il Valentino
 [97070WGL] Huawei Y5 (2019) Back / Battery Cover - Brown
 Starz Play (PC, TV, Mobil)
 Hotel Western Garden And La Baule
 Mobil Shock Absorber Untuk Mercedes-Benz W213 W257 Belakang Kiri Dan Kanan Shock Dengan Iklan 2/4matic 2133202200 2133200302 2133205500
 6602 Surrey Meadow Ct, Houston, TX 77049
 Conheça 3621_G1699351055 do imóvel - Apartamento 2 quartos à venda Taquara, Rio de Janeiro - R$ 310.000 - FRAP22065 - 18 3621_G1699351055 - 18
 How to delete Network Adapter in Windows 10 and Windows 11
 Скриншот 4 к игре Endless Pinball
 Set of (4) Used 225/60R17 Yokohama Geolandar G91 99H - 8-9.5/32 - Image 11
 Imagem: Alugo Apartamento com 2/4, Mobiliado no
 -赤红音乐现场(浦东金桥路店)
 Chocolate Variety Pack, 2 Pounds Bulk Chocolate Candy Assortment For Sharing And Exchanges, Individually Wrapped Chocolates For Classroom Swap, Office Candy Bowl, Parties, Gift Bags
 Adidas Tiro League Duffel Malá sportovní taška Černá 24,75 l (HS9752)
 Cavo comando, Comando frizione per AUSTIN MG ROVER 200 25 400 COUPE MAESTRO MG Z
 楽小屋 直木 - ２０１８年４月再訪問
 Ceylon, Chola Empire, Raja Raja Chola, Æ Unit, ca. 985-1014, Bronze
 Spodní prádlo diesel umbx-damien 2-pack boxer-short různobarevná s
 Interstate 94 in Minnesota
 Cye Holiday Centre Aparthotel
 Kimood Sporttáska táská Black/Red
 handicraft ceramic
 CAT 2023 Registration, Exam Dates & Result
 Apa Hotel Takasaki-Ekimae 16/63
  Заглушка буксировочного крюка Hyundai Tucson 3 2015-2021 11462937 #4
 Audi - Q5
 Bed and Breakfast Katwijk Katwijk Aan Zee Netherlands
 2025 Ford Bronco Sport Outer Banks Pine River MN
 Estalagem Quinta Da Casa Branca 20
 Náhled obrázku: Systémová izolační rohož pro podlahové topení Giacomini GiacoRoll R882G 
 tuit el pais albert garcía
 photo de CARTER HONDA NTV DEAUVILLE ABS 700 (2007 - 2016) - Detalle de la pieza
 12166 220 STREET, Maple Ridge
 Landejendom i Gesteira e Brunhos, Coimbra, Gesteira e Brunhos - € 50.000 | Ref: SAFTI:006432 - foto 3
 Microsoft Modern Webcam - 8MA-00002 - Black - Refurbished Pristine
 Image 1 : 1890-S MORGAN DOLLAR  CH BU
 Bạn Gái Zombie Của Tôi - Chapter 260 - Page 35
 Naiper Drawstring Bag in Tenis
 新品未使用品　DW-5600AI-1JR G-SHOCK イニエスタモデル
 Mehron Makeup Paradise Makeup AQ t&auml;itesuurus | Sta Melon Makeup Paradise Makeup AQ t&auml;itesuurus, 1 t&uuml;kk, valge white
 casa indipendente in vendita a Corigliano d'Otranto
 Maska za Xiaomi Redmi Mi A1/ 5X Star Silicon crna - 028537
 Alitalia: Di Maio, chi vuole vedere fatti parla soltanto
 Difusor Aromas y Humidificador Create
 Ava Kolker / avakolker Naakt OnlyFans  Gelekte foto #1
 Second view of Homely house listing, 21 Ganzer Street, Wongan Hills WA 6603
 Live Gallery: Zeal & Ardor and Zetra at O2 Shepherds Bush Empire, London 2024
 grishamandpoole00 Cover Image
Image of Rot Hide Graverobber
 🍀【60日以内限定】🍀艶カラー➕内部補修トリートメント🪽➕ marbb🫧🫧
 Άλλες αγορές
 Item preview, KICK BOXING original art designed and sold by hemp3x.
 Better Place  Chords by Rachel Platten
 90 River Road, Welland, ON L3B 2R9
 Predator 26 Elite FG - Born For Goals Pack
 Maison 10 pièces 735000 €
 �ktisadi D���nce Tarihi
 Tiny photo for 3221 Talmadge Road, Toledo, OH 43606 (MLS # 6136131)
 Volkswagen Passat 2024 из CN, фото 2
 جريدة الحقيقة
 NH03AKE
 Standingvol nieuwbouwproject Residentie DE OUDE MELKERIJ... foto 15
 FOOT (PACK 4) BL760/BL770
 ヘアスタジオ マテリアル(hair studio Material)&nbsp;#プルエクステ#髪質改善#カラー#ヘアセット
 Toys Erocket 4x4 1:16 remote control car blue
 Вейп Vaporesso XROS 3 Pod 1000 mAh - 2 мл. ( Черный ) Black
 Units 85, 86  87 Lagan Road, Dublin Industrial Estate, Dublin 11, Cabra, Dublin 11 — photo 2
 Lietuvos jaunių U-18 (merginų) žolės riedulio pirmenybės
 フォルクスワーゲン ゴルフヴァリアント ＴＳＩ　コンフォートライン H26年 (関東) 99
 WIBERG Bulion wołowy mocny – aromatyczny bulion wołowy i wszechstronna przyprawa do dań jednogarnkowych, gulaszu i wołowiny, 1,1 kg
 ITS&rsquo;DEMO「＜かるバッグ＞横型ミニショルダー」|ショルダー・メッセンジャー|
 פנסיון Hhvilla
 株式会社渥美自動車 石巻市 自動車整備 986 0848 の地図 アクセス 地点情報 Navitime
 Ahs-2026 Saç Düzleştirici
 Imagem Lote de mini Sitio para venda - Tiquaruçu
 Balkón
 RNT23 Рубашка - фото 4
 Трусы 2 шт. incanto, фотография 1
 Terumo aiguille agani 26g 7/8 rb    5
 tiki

* [Aim of the exercise]:
Your task is to copy each line of the listing that holds the word "foto".

* [Solved exercise]:
 Landejendom i Gesteira e Brunhos, Coimbra, Gesteira e Brunhos - € 50.000 | Ref: SAFTI:006432 - foto 3
 Ava Kolker / avakolker Naakt OnlyFans  Gelekte foto #1
 Standingvol nieuwbouwproject Residentie DE OUDE MELKERIJ... foto 15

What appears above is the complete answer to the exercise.